European Central Bank Governing Council member Ewald Nowotny said the bank isn’t considering restarting its bond-purchase program to stem rising borrowing costs for governments in the euro area.
“This for the time being is not a matter of discussion,” Nowotny told reporters in Belgrade today, when asked if bond purchases are something the ECB is contemplating. “The ECB has done a number of measures that were very helpful and efficient for the economy. We are now in a situation where we have to see how these measures have worked in the economy, especially in long-term operations.”

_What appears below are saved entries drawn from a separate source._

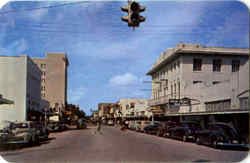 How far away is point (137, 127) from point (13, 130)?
24.6 meters

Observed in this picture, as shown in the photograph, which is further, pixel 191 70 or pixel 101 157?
pixel 191 70

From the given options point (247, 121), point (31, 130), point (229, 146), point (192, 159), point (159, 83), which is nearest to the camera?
point (192, 159)

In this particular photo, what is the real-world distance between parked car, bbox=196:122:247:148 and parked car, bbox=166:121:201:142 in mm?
3059

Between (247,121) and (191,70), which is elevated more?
(191,70)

Spanish Prime Minister Mariano Rajoy last week called on the ECB to buy his government’s bonds, after yields on the debt approached the level that pushed Ireland, Greece and Portugal to request international bailouts. While the ECB has bought 212 billion euros ($266 billion) of government debt since May 2010, it halted the program this year after injecting more than 1 trillion euros into the financial system through long-term loans.
Nowotny also said that the “prime objective” is to keep Greece in the euro area, adding that this is “something that doesn’t only depend on the side of the European authorities, but also on the decisions of Greek people and their government.”

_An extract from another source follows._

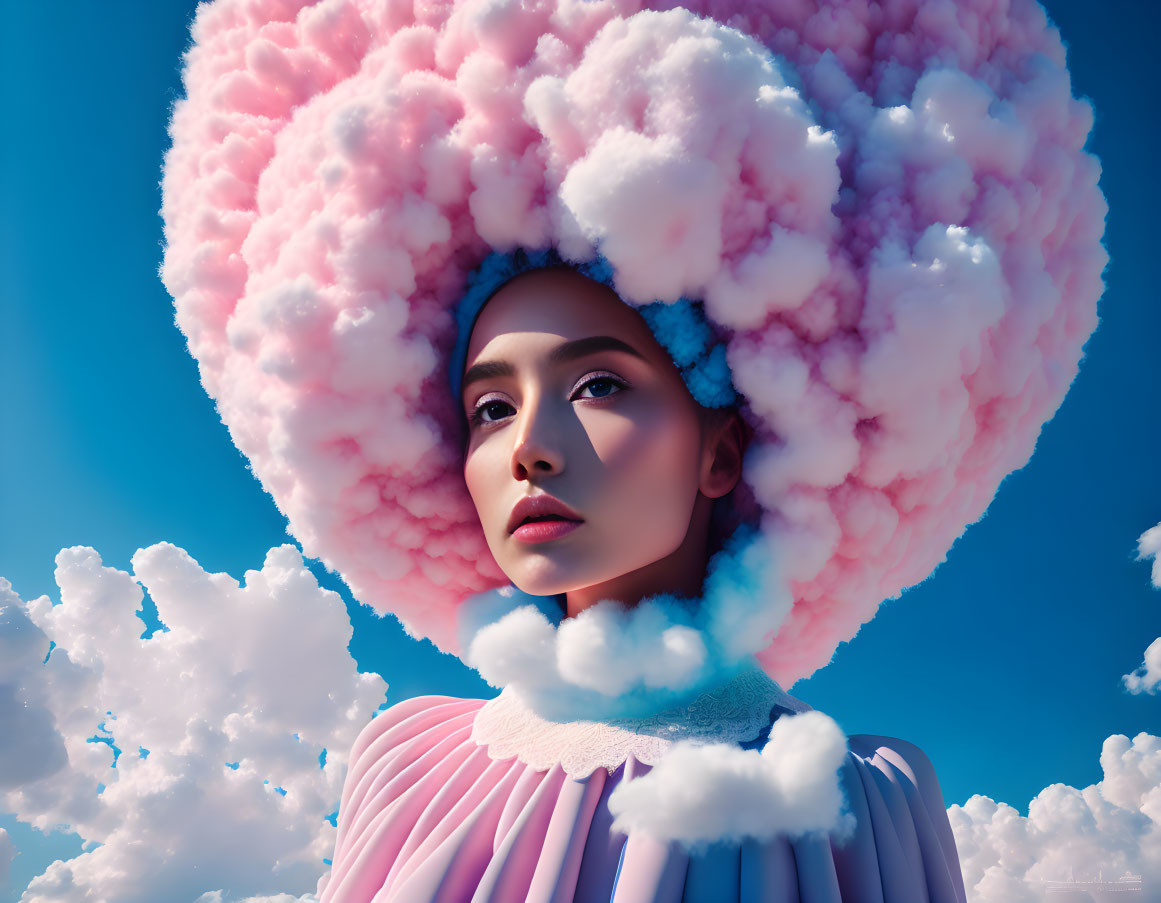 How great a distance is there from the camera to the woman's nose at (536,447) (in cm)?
201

Asked whether the ECB is preparing an exit plan, he said that “it’s a good rule for a central bank to be prepared for everything, but that doesn’t mean it has to talk about it.”
Spain’s government bonds declined today after a spokesman for the economy ministry said the nation’s preferred option for raising funds to recapitalize Bankia group is via debt markets.
The yield on five-year securities climbed eight basis points to 5.82 percent at 11:04 a.m. London time. The 10-year rate climbed three basis points to 6.51 percent.
Nowotny said that “rescuing banks is the responsibility of national governments” and “the role of the ECB is in the field of liquidity, not solvency.”